Además, con esta forma de proceder se lograría un importante ahorro de energía y de la consiguiente contaminación que acarrea el gasto de ésta. En ese sentido en Estados Unidos se ha calculado que un alimento traído de largas distancias tiene un gasto energético ocho veces mayor en su trasporte, almacenamiento y refrigeración que en su producción. También, como es lógico, en estos casos suele haber un mayor uso de embalaje y plásticos, que luego se convertirán en residuos. Asimismo, conlleva un incremento de las emisiones de dióxido de carbono, lo puede contribuir al aumento o empeoramiento de las afecciones respiratorias y, a un nivel global, el calentamiento del planeta.

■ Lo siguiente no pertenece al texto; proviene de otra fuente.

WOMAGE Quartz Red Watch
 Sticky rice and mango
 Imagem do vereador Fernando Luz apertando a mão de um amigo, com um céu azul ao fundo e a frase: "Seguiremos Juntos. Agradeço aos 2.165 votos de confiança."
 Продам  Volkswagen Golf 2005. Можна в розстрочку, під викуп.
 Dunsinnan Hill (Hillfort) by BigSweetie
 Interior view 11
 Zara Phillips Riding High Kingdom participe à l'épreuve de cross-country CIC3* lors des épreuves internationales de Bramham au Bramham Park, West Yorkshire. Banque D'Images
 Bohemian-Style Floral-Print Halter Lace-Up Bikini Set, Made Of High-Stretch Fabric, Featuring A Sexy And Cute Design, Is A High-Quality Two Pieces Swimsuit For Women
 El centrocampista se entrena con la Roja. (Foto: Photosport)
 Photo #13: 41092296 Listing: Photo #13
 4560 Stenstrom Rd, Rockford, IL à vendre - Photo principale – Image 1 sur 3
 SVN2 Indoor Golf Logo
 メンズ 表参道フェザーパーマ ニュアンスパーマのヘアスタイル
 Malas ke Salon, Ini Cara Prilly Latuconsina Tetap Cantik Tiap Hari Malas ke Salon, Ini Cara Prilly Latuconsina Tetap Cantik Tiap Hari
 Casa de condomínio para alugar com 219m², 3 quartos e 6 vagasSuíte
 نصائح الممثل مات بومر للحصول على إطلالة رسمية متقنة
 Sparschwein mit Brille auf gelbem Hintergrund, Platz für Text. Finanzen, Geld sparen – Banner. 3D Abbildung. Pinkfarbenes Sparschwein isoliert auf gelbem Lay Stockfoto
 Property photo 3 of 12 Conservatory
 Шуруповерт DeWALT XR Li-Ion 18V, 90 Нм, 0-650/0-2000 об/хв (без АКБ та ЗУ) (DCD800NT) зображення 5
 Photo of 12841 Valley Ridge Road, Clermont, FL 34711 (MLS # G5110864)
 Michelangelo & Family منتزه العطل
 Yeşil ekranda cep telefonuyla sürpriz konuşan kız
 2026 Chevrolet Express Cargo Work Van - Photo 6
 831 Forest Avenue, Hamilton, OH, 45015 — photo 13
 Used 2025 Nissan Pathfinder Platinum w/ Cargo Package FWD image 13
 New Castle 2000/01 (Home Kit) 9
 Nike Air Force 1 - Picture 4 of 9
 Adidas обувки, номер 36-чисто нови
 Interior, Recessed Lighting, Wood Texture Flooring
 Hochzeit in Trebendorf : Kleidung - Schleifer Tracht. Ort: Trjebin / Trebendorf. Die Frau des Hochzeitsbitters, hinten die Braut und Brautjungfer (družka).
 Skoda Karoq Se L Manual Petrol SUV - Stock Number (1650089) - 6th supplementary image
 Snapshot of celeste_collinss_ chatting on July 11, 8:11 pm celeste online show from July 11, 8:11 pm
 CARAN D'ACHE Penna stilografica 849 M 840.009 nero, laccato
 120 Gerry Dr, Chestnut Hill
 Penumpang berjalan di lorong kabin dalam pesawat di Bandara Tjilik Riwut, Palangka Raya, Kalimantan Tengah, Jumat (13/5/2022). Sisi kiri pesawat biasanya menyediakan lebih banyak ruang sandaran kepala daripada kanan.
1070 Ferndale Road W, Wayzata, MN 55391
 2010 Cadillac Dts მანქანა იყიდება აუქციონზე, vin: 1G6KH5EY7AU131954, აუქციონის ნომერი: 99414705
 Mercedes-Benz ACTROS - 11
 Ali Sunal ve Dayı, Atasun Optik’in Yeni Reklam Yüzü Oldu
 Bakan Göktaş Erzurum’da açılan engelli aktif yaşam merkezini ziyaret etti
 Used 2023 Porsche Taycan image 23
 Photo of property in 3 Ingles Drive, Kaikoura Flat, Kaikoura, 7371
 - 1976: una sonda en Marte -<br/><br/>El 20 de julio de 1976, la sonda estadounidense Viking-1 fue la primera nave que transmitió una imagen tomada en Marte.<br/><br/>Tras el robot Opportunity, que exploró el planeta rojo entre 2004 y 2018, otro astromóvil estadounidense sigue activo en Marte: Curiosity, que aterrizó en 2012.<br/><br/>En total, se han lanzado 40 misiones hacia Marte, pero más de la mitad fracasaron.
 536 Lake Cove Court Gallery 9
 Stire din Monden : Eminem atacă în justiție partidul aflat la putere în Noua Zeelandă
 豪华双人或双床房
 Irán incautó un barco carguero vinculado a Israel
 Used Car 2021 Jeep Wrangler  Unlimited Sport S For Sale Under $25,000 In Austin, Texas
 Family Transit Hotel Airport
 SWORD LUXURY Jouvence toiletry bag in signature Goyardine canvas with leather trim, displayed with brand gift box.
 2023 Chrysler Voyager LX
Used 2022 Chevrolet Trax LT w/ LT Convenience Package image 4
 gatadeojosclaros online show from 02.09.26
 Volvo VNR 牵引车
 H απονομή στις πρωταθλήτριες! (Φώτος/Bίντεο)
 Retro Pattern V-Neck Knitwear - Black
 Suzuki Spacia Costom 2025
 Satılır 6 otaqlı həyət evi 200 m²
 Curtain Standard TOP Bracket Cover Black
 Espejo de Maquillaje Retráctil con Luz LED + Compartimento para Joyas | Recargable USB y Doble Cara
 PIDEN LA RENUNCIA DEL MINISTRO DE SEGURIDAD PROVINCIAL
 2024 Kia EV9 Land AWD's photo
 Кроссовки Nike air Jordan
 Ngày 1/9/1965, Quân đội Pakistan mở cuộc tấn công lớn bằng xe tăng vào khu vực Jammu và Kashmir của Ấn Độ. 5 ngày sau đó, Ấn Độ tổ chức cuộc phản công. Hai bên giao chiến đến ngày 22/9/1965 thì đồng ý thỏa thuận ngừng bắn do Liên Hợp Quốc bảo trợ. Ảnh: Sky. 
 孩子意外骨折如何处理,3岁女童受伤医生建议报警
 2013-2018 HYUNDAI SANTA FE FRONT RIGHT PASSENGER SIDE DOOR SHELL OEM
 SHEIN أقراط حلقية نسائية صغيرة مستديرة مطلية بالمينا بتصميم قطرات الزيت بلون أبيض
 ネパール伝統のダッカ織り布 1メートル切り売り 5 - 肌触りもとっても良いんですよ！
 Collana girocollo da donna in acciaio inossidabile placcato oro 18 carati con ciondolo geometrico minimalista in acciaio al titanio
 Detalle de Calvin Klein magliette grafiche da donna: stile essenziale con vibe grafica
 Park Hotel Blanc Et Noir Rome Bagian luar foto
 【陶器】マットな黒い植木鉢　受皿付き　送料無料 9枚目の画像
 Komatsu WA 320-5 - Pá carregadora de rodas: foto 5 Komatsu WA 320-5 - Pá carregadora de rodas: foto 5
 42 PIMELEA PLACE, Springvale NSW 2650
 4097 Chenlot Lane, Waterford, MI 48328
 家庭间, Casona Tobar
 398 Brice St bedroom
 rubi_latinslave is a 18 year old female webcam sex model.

El producto local también tiene la ventaja de que supone una contribución a la economía de la propia región: con él se está contribuyendo al crecimiento de los ingresos y el empleo en el entorno próximo. Está comprobado, por ejemplo, que realizar las compras en establecimientos locales genera aproximadamente el triple de ingresos en la economía de una localidad o región.

En la práctica

  • Se trataría, por tanto, de renunciar (o al menos reducir) el consumo de alimentos que se traen de lejanas latitudes o que están fuera de temporada (lo que obliga a importarlos de lejos o cultivarlos con medios intensivos). Para hacernos una idea del volumen que esto supone comentaremos que hace un par de años, en un país rico en producción agraria y ganadera como España, se importaban anualmente 25 millones de toneladas de alimentos. Por supuesto este no es un proceso que afecte sólo a este país, sino que se trata de un fenómeno internacional pues desde 1961 se ha multiplicado por cuatro el comercio de productos alimentarios en todo el planeta. Si fuéramos capaces de rastrear la procedencia de cada alimento que ponemos en la mesa en una comida diaria, como han hecho estudios en otros países, nos sorprenderíamos de la cantidad de kilómetros que saldrían.
  • Para lograr esta reducción sería necesario la práctica de una cierta contención personal para curarnos de esa especie de adicción a la variedad alimentaria que el marketing y la publicidad nos han impuesto. Esto no debería suponer un gran esfuerzo porque, como hemos comentado más arriba, esos alimentos viajeros tienen una baja calidad nutricional y unas cualidades gustativas y olfativas que dejan mucho que desear. Como afirma el cocinero Santi Santamaria “en aquella época no comíamos rambután, lichis, frutas de la pasión, guayabas, mangostanes, mangos y demás frutas tropicales que hoy se encuentran en los mercados occidentales. Tienen en su apariencia las mismas cualidades que las que podemos saborear en sus países de origen, pero sabemos que el transporte, por rápido que sea, y la mínima manipulación indispensable para su conservación y embalaje alteran sus propiedades originales y su frágil naturaleza, que se lo que les aporta el sello de excelencia. Así pues, el precio de estos productos extravagantes y exóticos suele ser inversamente proporcional a su autenticidad y, por ende, a su calidad. Una cocina sostenible no se construye a base de piñas o fresas que viajan en avión”.
  • Un cambio más de fondo y, por tanto más duradero, consistiría en dejar de ver la comida como una mercancía más en la que hay que ahorrar para concebirla como una inversión en salud. De esa forma no sólo mejoraríamos nuestra calidad de vida en el presente, sino que nos ahorraríamos enfermedades, dolencias y achaques en el futuro.

En conclusión

Queremos dejar claro que el hecho de que un alimento sea local no supone en absoluto que sea intrínsecamente bueno, sino sólo constituye un criterio más a tener en cuenta a la hora de elegir lo que adquirimos. Como es evidente, aunque un alimento haya sido cultivado o criado a la vuelta de la esquina no será recomendable si en su producción se han empleado medios inapropiados o insanos: fertilizantes, plaguicidas, antibióticos, o cría intensiva.

Hecha esta salvedad volvemos a apostar por un consumo de proximidad y confianza que conceda prioridad al sabor y al color local. Y terminamos el artículo citando a Vázquez Montalbán que en una de sus obras escribió:

“nada hay tan reconfortante como comer y beber lo que producen los cuatro horizontes que te rodean”.